Accueil. Zangsa : le cultivateur chamane
Je n’avais aucune façon d’être sûr qu’il s’agissait effectivement du Chaudron Astral, mais, en tout cas, ce chaudron possédait une grande quantité d’énergie intrinsèque. C’était assurément une relique. Je pus le confirmer, car le cercle runique était lié au chaudron : une simple petite excursion de perception suffit pour que j’en aie le cœur net.
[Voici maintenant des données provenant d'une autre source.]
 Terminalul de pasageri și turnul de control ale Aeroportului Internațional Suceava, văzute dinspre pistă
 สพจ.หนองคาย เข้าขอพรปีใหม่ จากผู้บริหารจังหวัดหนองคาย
Je n’osai pas explorer davantage de peur que le Contremaître Luna ne me surprenne. Je me contentai donc bien vite d’examiner les runes de ma boucle, essayant de comprendre quel était le véritable objectif de tout ce cercle.
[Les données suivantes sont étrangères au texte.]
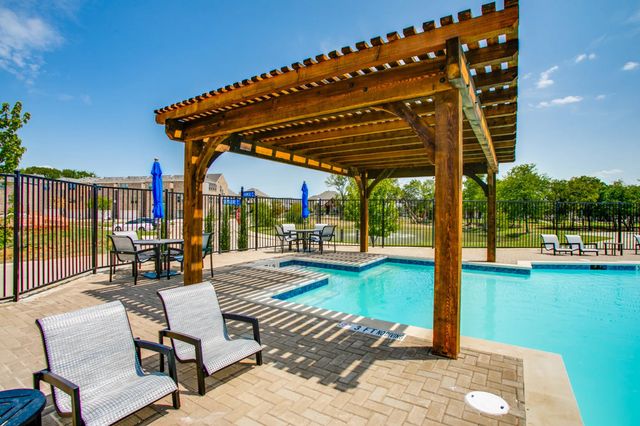 935 Ponds Edge Lane, Euless, TX 76040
C’était un cercle comme je n’en avais jamais vu : on y avait mélangé les runes vaudou et les runes conventionnelles. L’énergie était le fuel qui partait vers le chaudron ; le sang et l’eau étaient ses vecteurs. Et ce n’était pas n’importe quelle eau, remarquai-je. C’était de l’eau salée. De l’eau de mer.
Cela me rappela un épisode, à l’Académie Céleste. Alors que je m’étais lancé dans le projet d’écrire un manuel chamanique pour Maître Ryol, celui-ci m’avait raconté qu’un cultivateur du siècle passé, le Docteur Divin de Saint-Monjin, avait démontré qu’il était possible de remplacer le sang par de l’eau de mer diluée pour sauver des patients très malades, souffrant de graves hémorragies. Enthousiasmé par cette découverte, j’avais fait venir de l’eau de mer de Sielsira dans les Mers des Eaux d’Ébène et je m’étais plongé dans une série de tests pour voir si elle pourrait me servir pour réaliser certaines techniques vaudou qui, à priori, requerraient toujours du sang pour les mener à bien. Les résultats avaient été mauvais. J’avais quand même réussi à régénérer mon sang plus vite grâce à l’eau de mer, une pratique qui m’aurait, certes, été utile, si j’avais vécu sur la côte, mais… Enfin, j’en avais conclu que le sang, contrairement à l’eau de mer, renfermait quelque chose d’essentiel pour que les arts chamaniques fonctionnent.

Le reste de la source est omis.